### What to work on
Return exactly the lines from the one containing "Евгений, 51 год" through the end of the material below, and leave the images out.

### Extracted data
****************************************

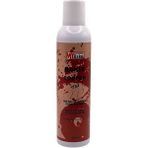 Sprey Boya My Bake 250 ml Bakır - 1 Adet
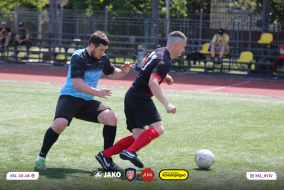 <a href="https://st.getinfootball.com/albums/1087917/664afcf4c03f1_1920.jpg" target="_blank">Завантажити оригінал</a>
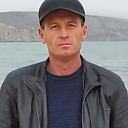 Евгений, 51 год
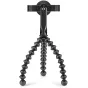 Telefonu statīvi - Joby tripod GripTight GorillaPod MagSafe JB01753-BWW - ātri pasūtīt no ražotāja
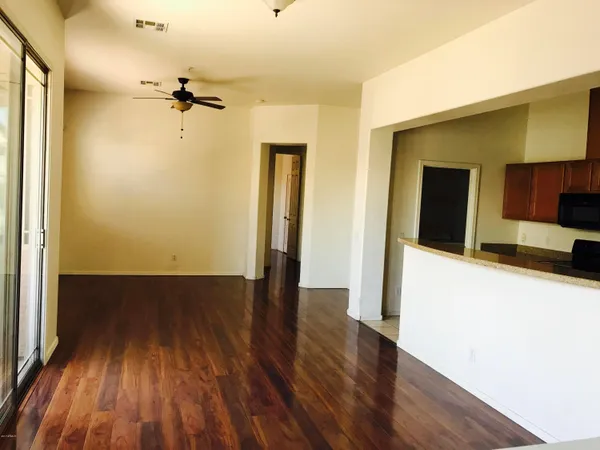 $1,650 | 1225 North 36th Street, Unit 2065, Phoenix, AZ 85008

****************************************

### Task result
 Евгений, 51 год
 Telefonu statīvi - Joby tripod GripTight GorillaPod MagSafe JB01753-BWW - ātri pasūtīt no ražotāja
 $1,650 | 1225 North 36th Street, Unit 2065, Phoenix, AZ 85008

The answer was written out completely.